Top of DATA PROVIDED

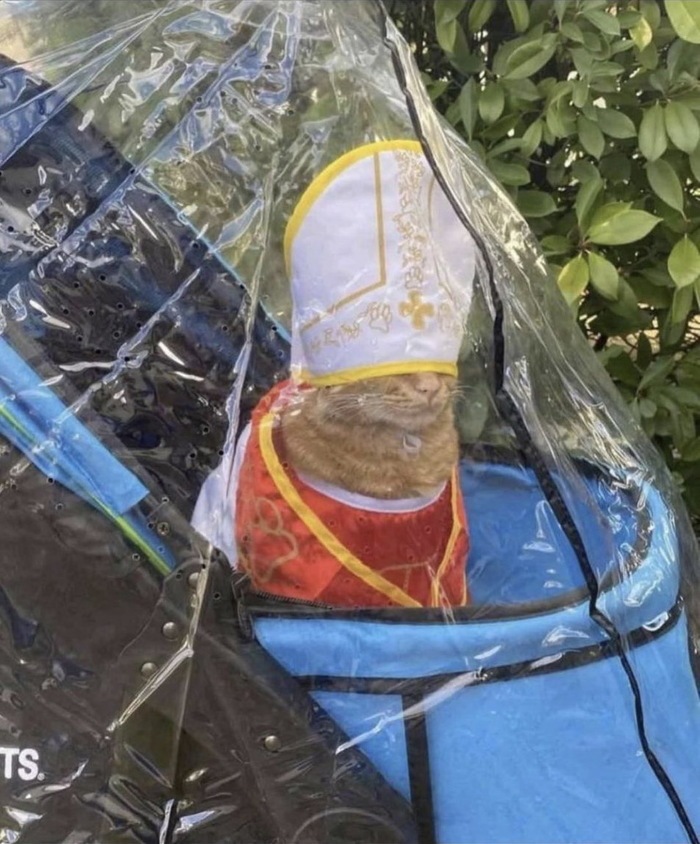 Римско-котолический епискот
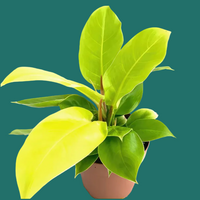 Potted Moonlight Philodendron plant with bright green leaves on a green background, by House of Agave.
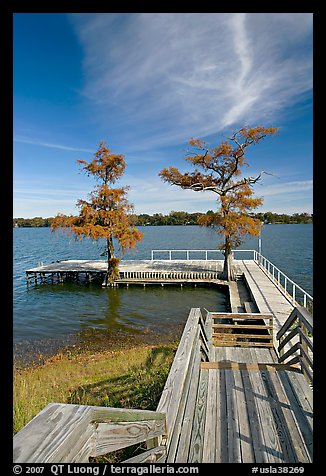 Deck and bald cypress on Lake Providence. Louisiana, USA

Bottom of DATA PROVIDED
Top of DATA PROVIDED

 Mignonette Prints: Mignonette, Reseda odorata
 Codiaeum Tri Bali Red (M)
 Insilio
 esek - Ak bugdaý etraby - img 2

Bottom of DATA PROVIDED

* _TASK DESCRIPTION_: All lines in the listing above between the line with "Mignonette Prints: Mignonette, Reseda" and the line with "esek - Ak bugdaý etraby - img 2", inclusive, should be set down exactly, and no line outside that range.

* _YOUR RESPONSE_:
 Mignonette Prints: Mignonette, Reseda odorata
 Codiaeum Tri Bali Red (M)
 Insilio
 esek - Ak bugdaý etraby - img 2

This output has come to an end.